■ **Task item**
All that is wanted is the exact text of the lines below from the one with "2 WOOD BASE" through the one with "Built in cabinetry", inclusive, minus any pictures.

■ **Data for processing**
○ ○ ○ ○ ○ ○ ○

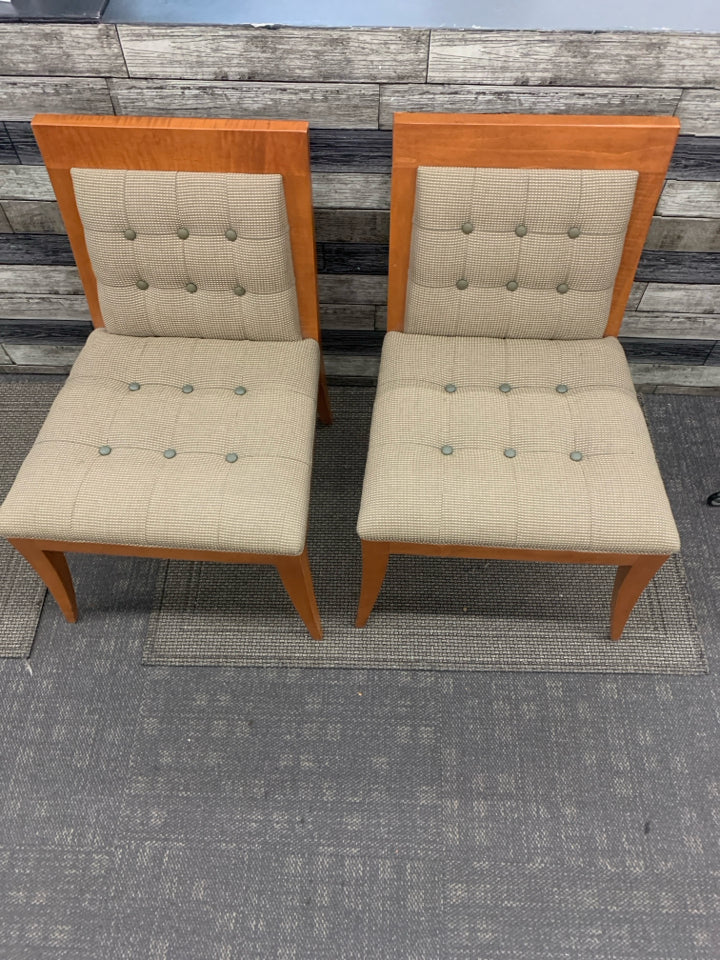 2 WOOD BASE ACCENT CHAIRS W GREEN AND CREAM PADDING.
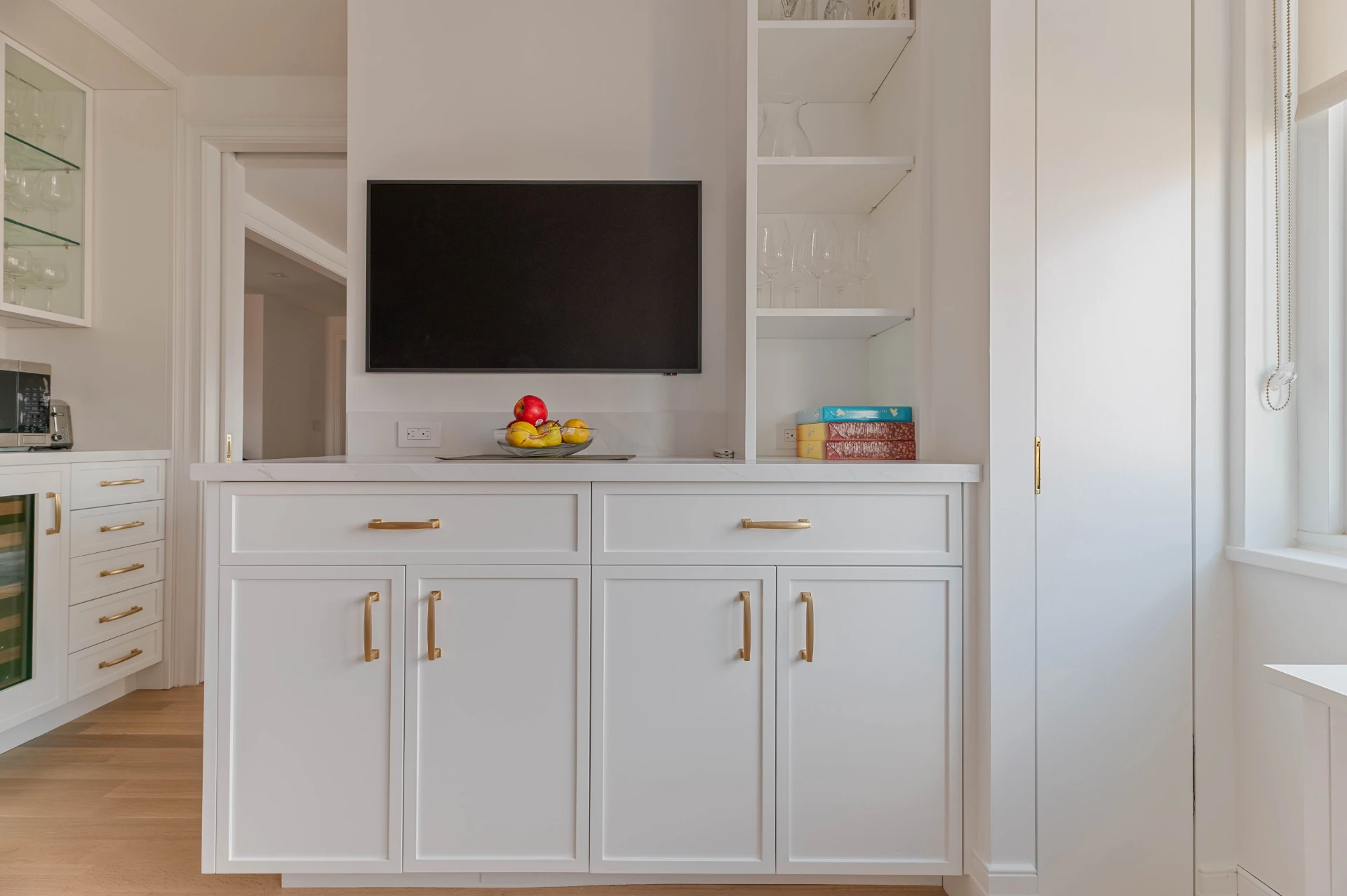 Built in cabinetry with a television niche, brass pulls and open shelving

○ ○ ○ ○ ○ ○ ○

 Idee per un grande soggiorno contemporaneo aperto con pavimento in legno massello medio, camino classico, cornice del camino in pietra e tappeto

○ ○ ○ ○ ○ ○ ○

■ **Solution**
 2 WOOD BASE ACCENT CHAIRS W GREEN AND CREAM PADDING.
 Built in cabinetry with a television niche, brass pulls and open shelving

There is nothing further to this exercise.